* [WHAT IS EXPECTED] Your copy should hold the lines below from the first through the one that contains "Swimming pool in", each retyped exactly, and no pictures.

* [DATA TO PROCESS]
══════════════════════════════
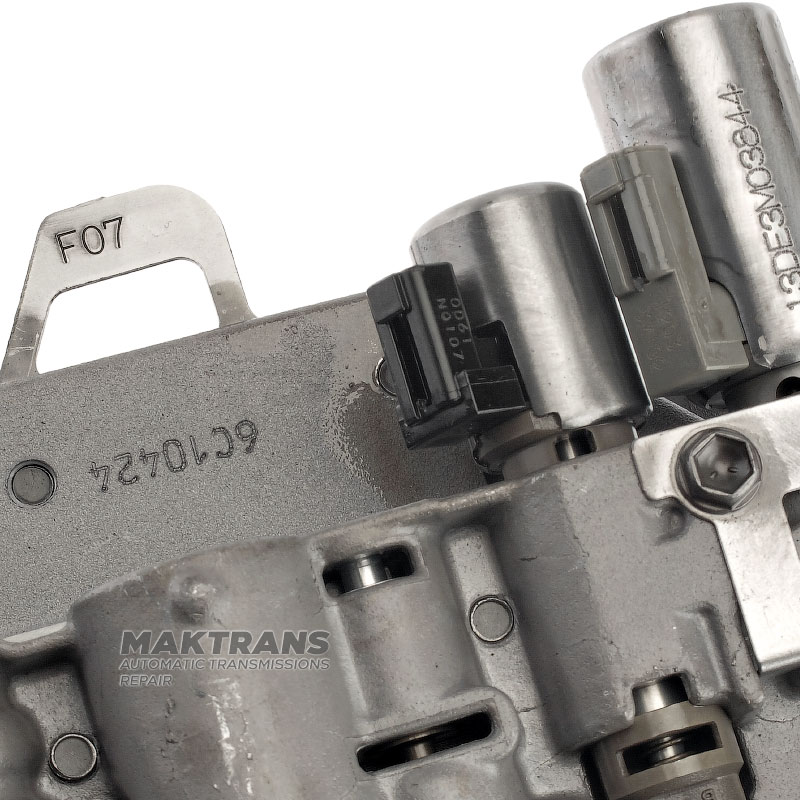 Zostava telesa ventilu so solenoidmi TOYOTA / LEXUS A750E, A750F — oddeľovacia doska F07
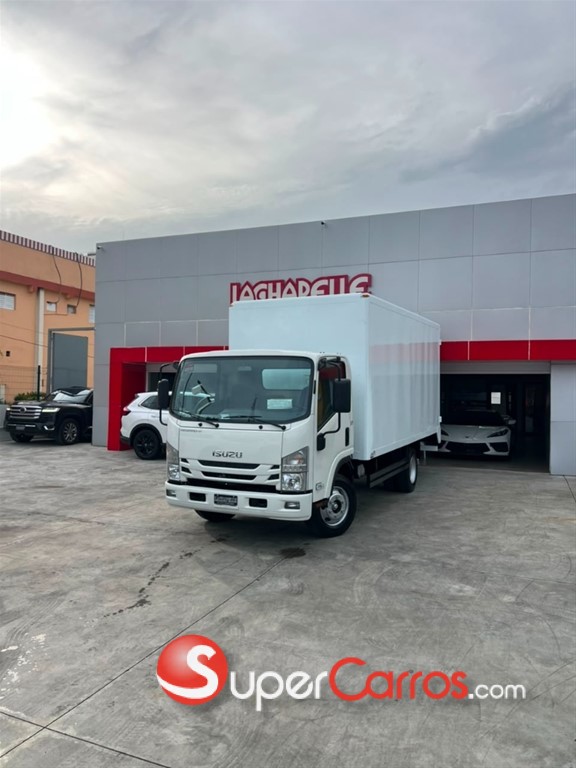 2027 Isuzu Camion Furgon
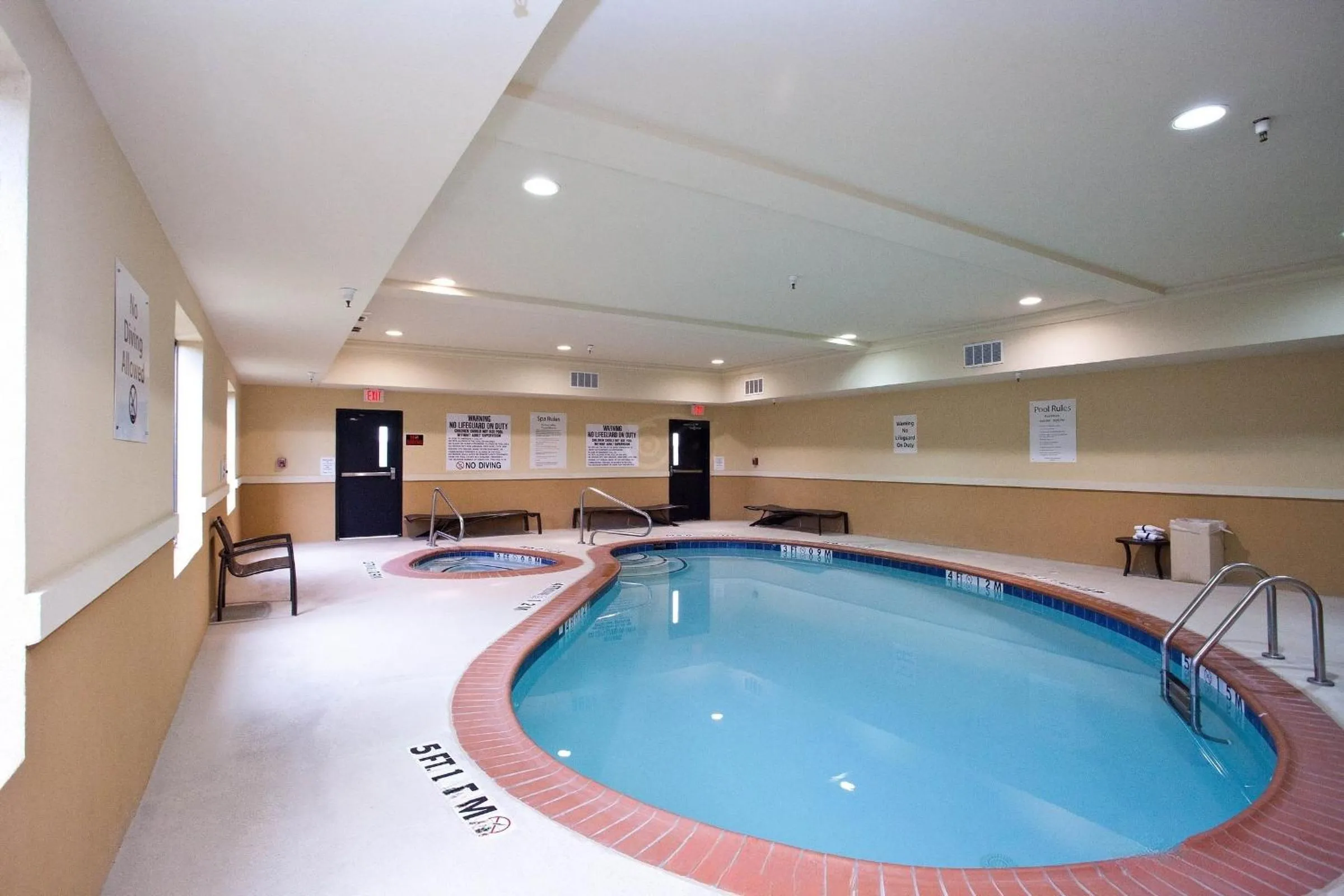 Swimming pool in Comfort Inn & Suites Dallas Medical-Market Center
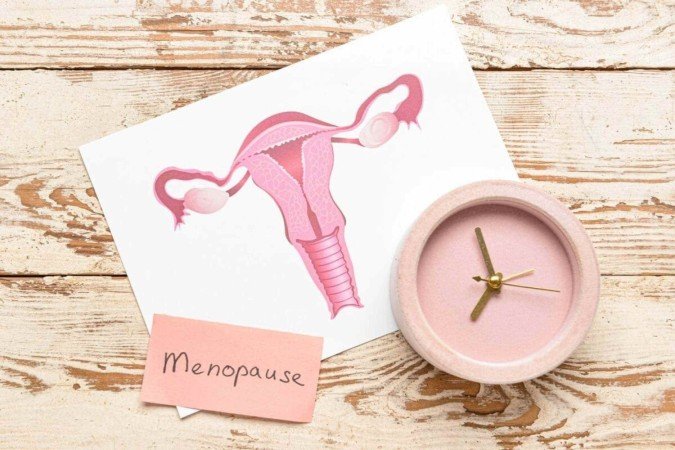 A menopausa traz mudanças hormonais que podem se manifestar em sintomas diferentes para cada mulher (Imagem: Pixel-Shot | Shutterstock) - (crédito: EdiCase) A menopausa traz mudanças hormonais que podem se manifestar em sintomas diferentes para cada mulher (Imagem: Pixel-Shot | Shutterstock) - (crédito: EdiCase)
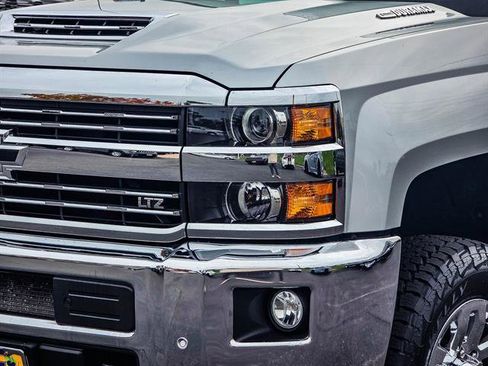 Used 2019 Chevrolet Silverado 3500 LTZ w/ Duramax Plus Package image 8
══════════════════════════════
* [SOLVED PROBLEM]
 Zostava telesa ventilu so solenoidmi TOYOTA / LEXUS A750E, A750F — oddeľovacia doska F07
 2027 Isuzu Camion Furgon
 Swimming pool in Comfort Inn & Suites Dallas Medical-Market Center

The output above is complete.